Time and again, the people who vow to make an earthly paradise build a graveyard instead. The people who prate loudest about ‘inclusion’ bully are the worst offenders when it comes to bullying and ostracising.
And the people who preach ‘harm minimisation’ invariably inflict massive harm instead.
Take, for instance, ‘pill testing’ at music festivals (so-called: most often they resemble nothing so much as open-air illegal drug markets, with entertainment thrown in). Far from ‘minimising harm’, as one doctor friend said after attending a recent ‘music festival’, he’d never seen so many drug-fucked people in one place in his life. The first aid stations were humming the whole weekend.
Any major North American city that has embarked on similar ‘harm minimisation’ policies is an even more abject object lesson.
Vancouver, especially on a sunny September day, is a spectacularly beautiful city. Yet right next to the sparkling harbour and very close to the modern architecture of the CBD are pockets of drug use, homelessness and desolation compared by the Wall Street Journal writer Mary Anastasia O’Grady in May to Dante’s inner circles of suffering […] like walking into an open morgue where bodies were lying around, except these souls were twisted and contorted, some bent over as they took drugs.

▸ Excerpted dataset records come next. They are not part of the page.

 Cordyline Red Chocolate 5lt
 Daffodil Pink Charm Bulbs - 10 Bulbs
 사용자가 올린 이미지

Those able to stand resembled zombies.
Vancouver’s drug policies are almost exactly what the ACT Greens want to bring in to Australia: decriminalising possession of small amounts of even the hardest drugs. Far from reducing harm, the trial has ‘increased public use of drugs, overdose deaths and public disorder’.

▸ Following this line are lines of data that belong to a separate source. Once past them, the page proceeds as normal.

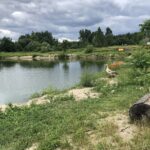 19.07.2020. Zawidza. Stawy rybne / Grażyna-Szlęzak-Wójcik / Radio Kielce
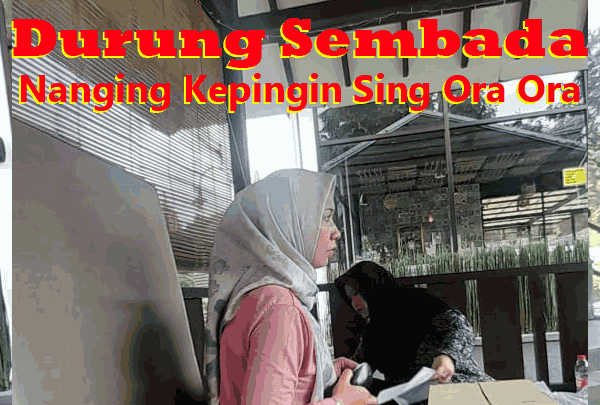 Durung Sembada Nanging Kepingin Sing Ora Ora, Paribasane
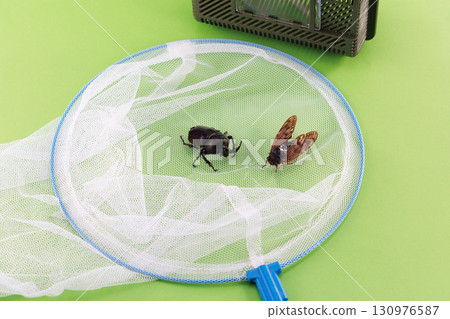 昆蟲擷取影像 130976587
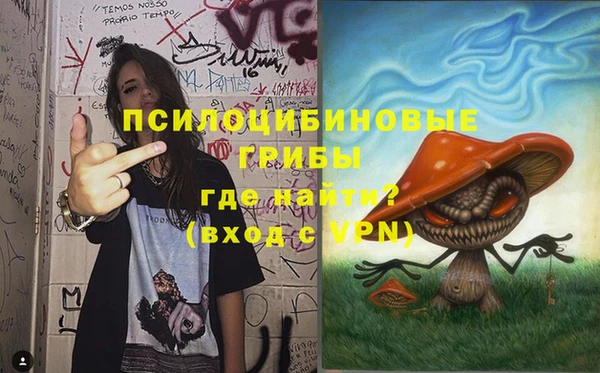 apvp Абинск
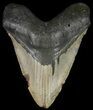 Fossil Megalodon Tooth - Huge Tooth #66131-1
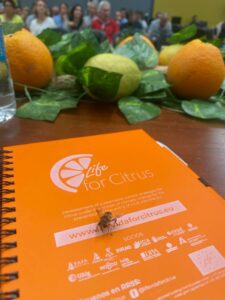 CefetraES's tweet photo. 🍊Junto con @AngloAmericanUK, participamos en la Conferencia de @LIFEforCitrus en Valencia, con @AsajaNacional @ava_asaja.
➡️Debatimos sobre la nutrición sostenible en los cultivos de #cítricos, para intentar ofrecer soluciones eficientes.
#POLY4
https://t.co/WV3BFKC5hl https://t.co/01bJ7cdtdm
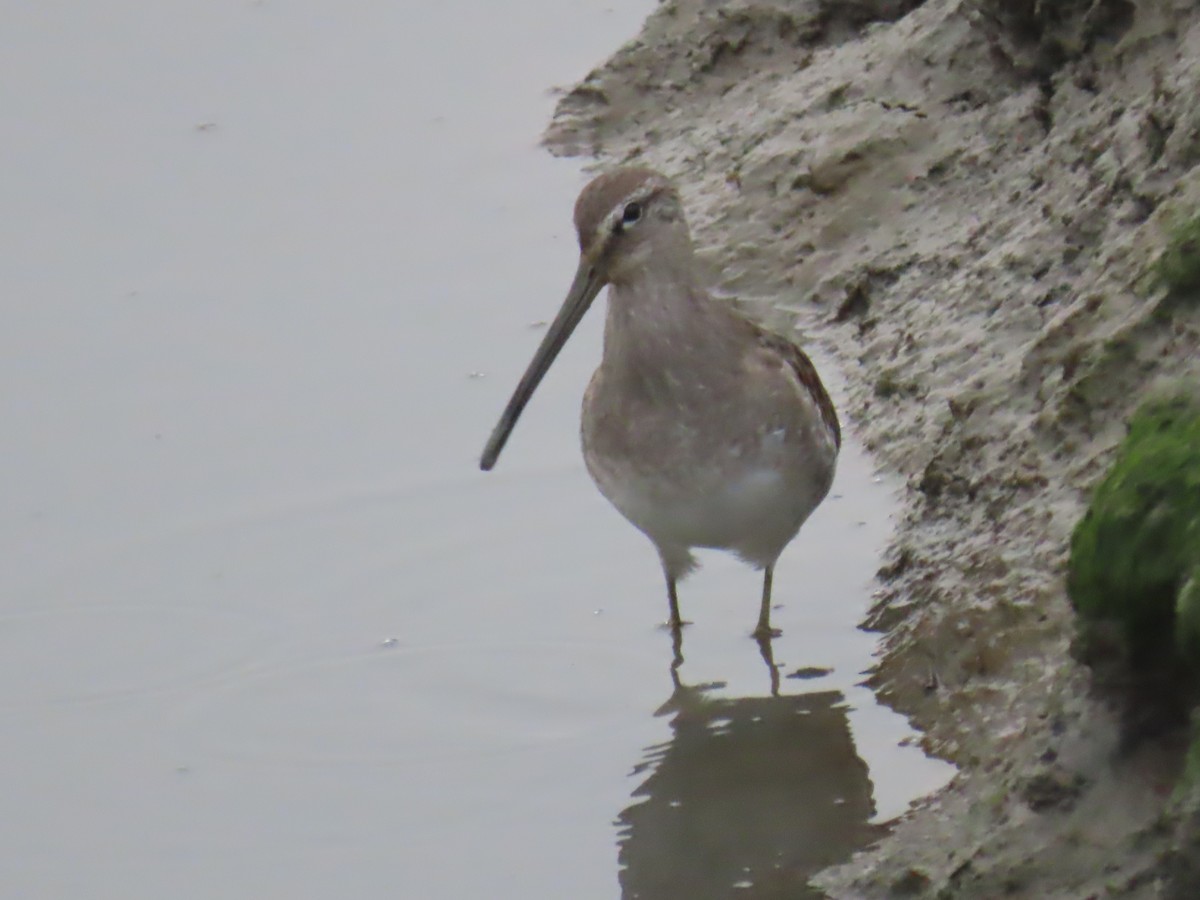 Long-billed Dowitcher - ML610008598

As the ACT considers liberalisation of drug laws that will no doubt pile pressure on Australian state governments to follow suit, and the federal Greens have this as their official policy, we should pay close attention to Vancouver. The US state of Oregon is also worth a careful look.

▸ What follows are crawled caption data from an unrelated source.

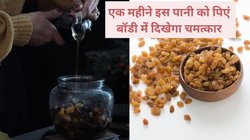 इस ड्राई फ्रूट को रात में भिगो दें और सुबह पी लें उसका पानी, बॉडी में करेगा अमृत की तरह असर, एक्सपर्ट से जानिए फायदे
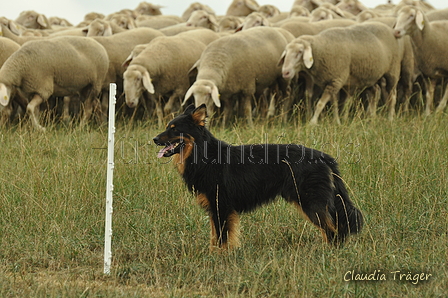 Gelbbacke / Bild 109 von 500 / 08.09.2019 11:23 / DSC_0427.JPG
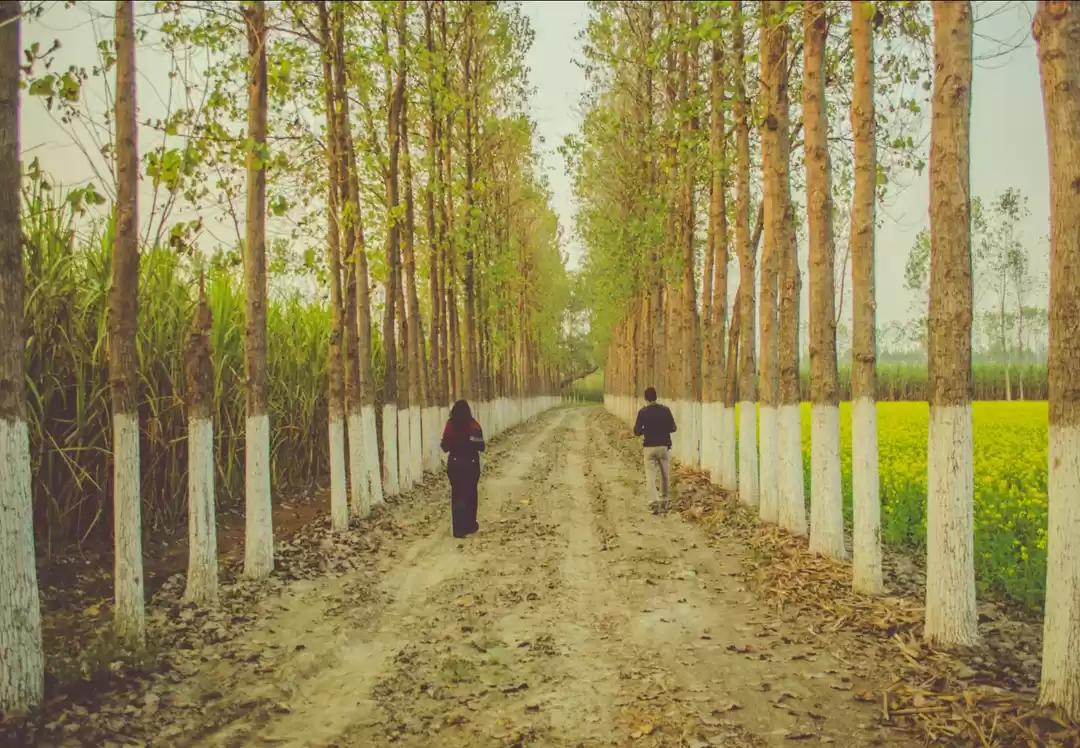 Photo of For The Couple That 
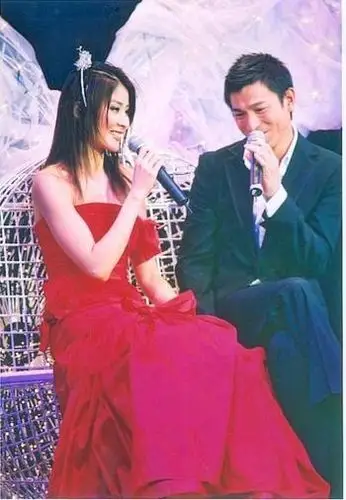 4.刘德华vs陈慧琳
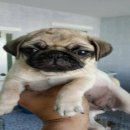 ปั๊กเมียสวยสุดๆวัคซีนแล้ว7500 สนใจติดต่อ0815658229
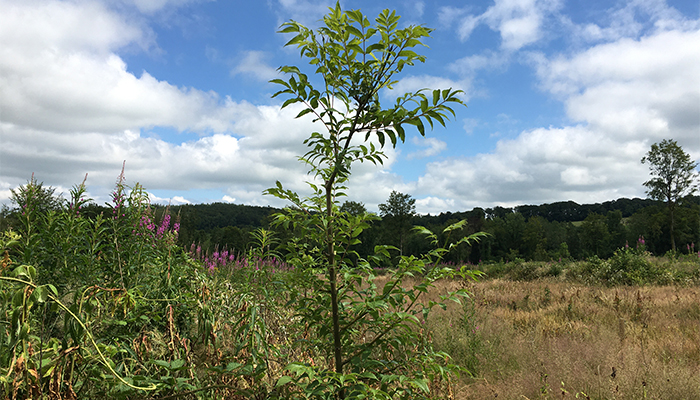 Breeding to develop Ash genotypes tolerant to dieback disease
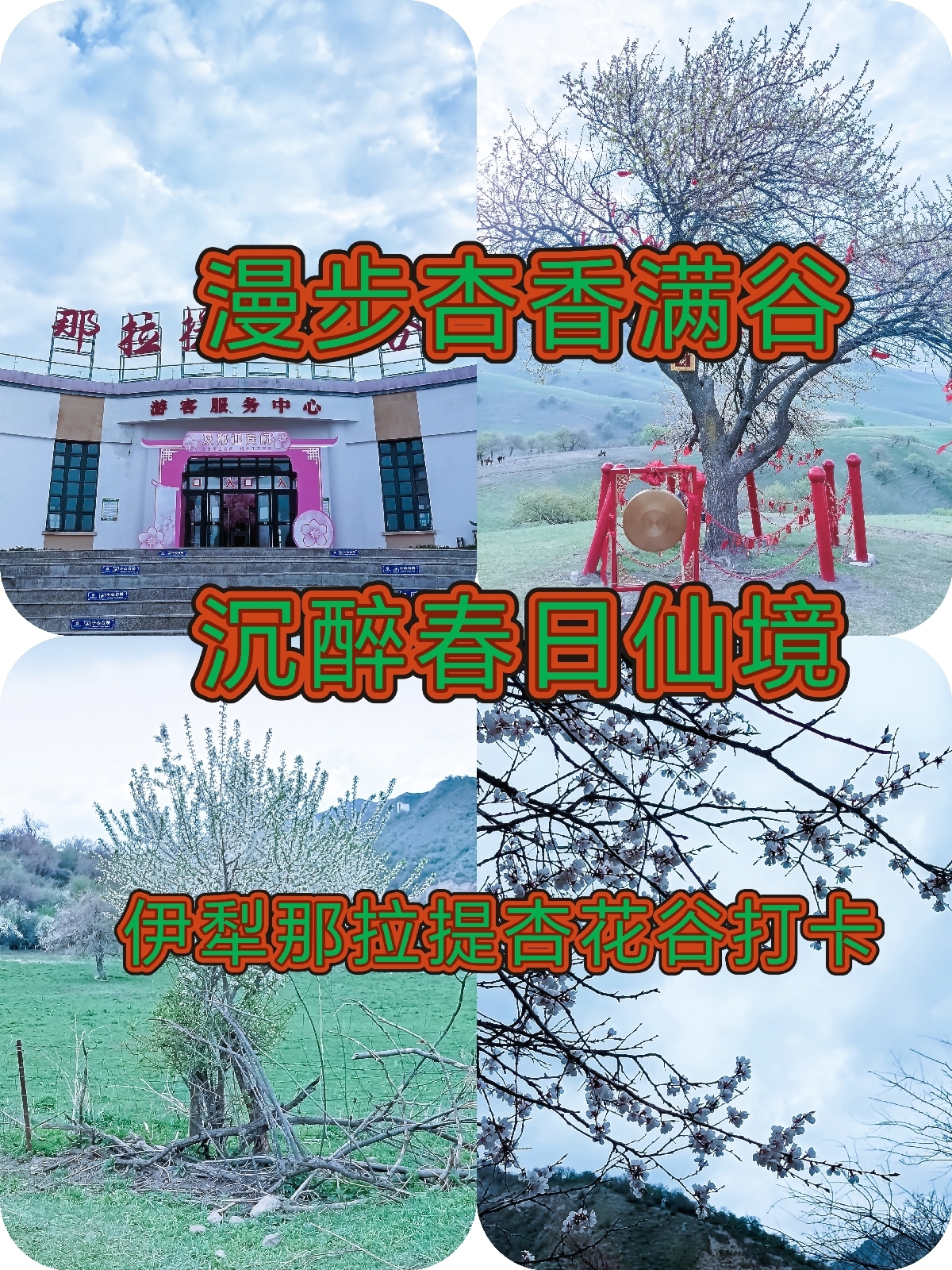 新源伊犁实拍图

Like most green-left conceits, of course, the Vancouver drug policy claimed to be ‘science based’. As usual, it turned out to in fact be little more than left-wing wishful thinking unburdened by evidence or critical thinking.
In an echo of progressive idealists everywhere, [Federal mental health and addictions minister Carolyn Bennett] said: “For too many years, the ideological opposition to harm reduction has cost lives.”
‘Save lives’? Where have we heard that before? It hasn’t worked out much better this time.
It didn’t take long for that rationalisation to unravel. Writing in the Toronto Sun in September last year, Brian Lilley pointed out that the first six months of statistics on overdose deaths in BC showed overdose deaths at record highs. “The results aren’t just less than encouraging, they should be sending people screaming in the opposite direction,” Lilley wrote.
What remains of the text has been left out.